Genre : Comédie dramatique
Durée : 2h08
France

En Bref

C’est bientôt l’été et on entend peut-être au loin le chant des bergers. Anna et sa famille se retrouvent comme chaque été, estivants privilégiés dans la belle demeure dominant la Méditerranée. Dans les jardins, sous l’ombre des grands arbres on discute de tout et de rien, de la vie avec ses tempêtes et ces étés ensoleillés. Vieille famille, de celles immortalisées par Visconti, elle clame la fin d’une époque où chaque classe est sa place. Le petit personnel réclame ses petits avantages et le monde tourne comme à son habitude. On évoque les jours anciens. A table, la violence des anamnèses crues trouble la tablée sage. Le frère devient fantôme et hante la parole des vivants pour ne pas se perdre dans le néant. Anna cache l’absence de son mari batifolant au bras d’une plus belle, plus que tout cela. L’été, lui, se soucie peu des petites gens, des vieilles familles d’une noblesse trop ancienne pour que l’on s’en souvienne. Il ne reste plus que le temps qui passe et dans les déchirements du cœur, l’amour s’invite, brisant les luttes de classes. À la fin, la brume où l’on se perd et se retrouve nous dira si ce n’est que le rêve du poète ou la réalité.

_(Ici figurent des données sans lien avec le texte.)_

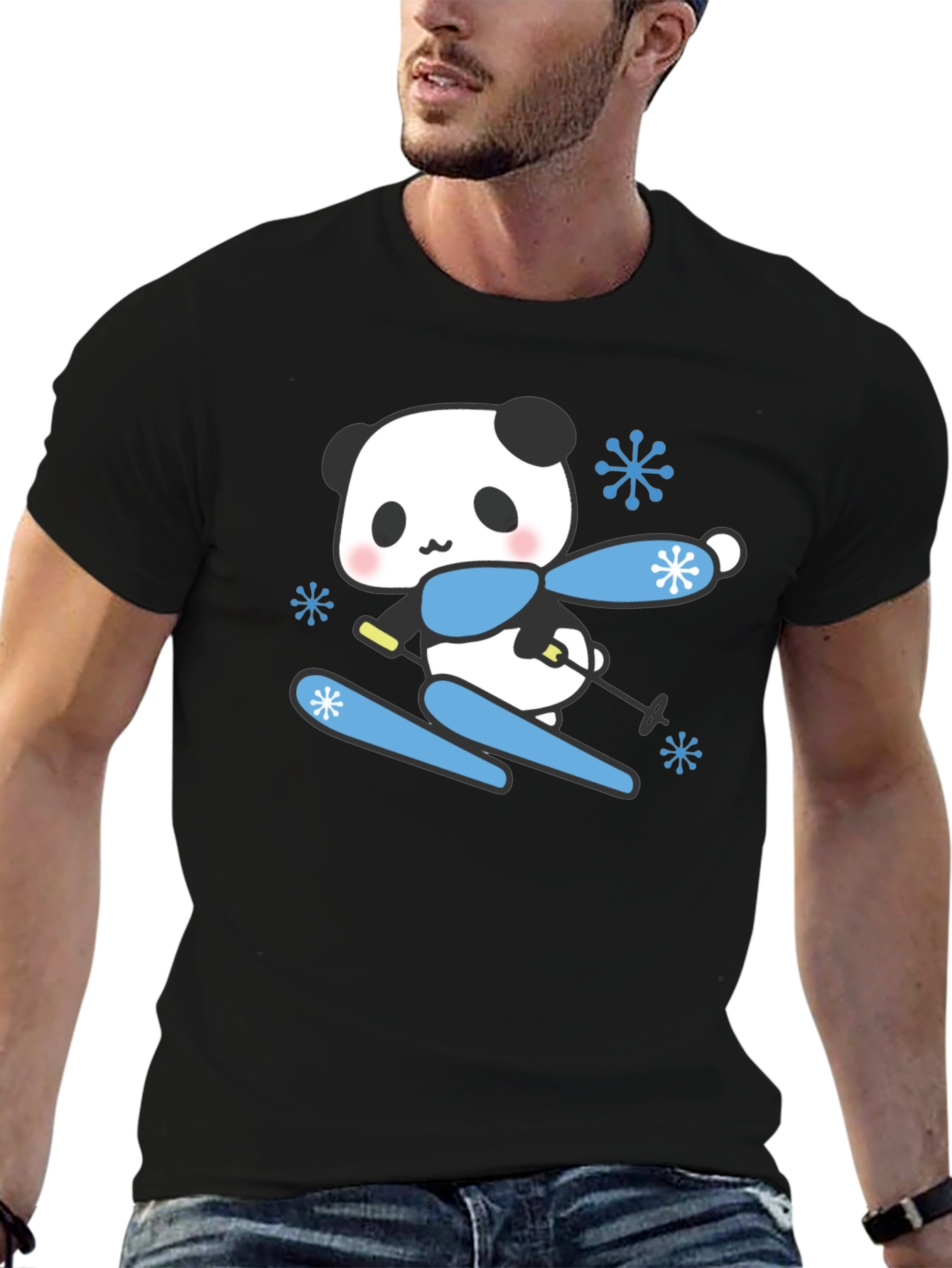 Skiing Panda T-Shirt - Cute Winter Apparel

L’idée de départ est la pièce de Maxim Gorki, Les Estivants, dramatisant la vie des aristocrates russes et des artistes face aux bouleversements qui s’annoncent à l’aube du vingtième siècle. La réalisatrice, comme à son habitude, s’inspire de sa propre histoire pour en modifier le fond. Elle part d’une séparation qui n’a pas eu lieu sur un quai de gare. Ce n’est que bien plus tard qu’elle transforme en tragi-comédie ce moment incontournable des adieux. La réunion dans la vieille demeure aux allures seigneuriales prendra cet été d’autres couleurs. Ce sont celles des douleurs des uns et des autres, vieux secrets cachés, mort d’un frère pesant encore de son ombre sur la valse des souvenirs. Autour, dans un autre monde, le petit personnel que l’on n’écoute pas, réclame ses droits.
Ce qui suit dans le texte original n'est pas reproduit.